§ **Your objective**: Your answer should consist of the lines in the listing that hold "Photo".
+--
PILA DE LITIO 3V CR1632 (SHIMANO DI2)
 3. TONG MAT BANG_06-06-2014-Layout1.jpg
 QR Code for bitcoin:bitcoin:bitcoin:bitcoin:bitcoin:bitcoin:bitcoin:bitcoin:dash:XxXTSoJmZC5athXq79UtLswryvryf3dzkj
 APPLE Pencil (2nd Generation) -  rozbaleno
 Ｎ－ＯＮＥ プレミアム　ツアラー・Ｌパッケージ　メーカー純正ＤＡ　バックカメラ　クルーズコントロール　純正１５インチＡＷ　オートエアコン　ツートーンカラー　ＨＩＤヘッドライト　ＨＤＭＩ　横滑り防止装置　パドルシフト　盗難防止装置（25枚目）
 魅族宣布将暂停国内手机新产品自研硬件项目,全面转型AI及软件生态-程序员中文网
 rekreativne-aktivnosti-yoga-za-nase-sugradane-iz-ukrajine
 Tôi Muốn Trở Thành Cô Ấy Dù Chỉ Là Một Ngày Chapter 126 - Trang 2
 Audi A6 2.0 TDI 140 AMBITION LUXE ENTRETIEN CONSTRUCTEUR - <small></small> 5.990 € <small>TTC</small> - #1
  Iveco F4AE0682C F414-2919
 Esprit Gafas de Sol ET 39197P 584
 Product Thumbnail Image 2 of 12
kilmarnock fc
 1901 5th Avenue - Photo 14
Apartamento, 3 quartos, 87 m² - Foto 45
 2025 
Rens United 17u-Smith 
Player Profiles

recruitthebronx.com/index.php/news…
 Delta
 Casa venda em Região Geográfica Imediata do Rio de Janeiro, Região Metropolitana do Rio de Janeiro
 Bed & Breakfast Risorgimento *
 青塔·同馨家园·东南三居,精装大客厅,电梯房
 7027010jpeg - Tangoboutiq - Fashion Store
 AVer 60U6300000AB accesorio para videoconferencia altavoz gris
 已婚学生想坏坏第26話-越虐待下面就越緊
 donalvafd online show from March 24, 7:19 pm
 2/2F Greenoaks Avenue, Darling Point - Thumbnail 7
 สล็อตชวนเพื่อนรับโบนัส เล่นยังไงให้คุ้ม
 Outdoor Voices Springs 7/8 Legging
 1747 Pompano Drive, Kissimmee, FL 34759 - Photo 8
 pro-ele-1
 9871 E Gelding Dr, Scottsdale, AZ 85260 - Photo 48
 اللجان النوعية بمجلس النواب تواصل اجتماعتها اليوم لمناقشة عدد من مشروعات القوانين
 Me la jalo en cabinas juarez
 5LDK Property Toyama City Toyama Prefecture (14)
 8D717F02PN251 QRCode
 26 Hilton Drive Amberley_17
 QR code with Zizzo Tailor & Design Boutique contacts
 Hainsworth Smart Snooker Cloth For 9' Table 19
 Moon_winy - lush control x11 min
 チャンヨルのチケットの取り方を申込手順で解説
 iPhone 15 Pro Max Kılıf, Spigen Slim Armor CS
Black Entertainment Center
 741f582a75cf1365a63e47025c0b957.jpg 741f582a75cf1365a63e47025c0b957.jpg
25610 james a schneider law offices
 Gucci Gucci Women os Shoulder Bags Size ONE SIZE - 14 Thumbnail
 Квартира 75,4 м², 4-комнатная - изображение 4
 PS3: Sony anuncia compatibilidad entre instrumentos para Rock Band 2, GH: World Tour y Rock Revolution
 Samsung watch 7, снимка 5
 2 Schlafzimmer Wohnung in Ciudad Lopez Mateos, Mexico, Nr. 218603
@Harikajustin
+--
§ **Written solution**:
 1901 5th Avenue - Photo 14
 1747 Pompano Drive, Kissimmee, FL 34759 - Photo 8
 9871 E Gelding Dr, Scottsdale, AZ 85260 - Photo 48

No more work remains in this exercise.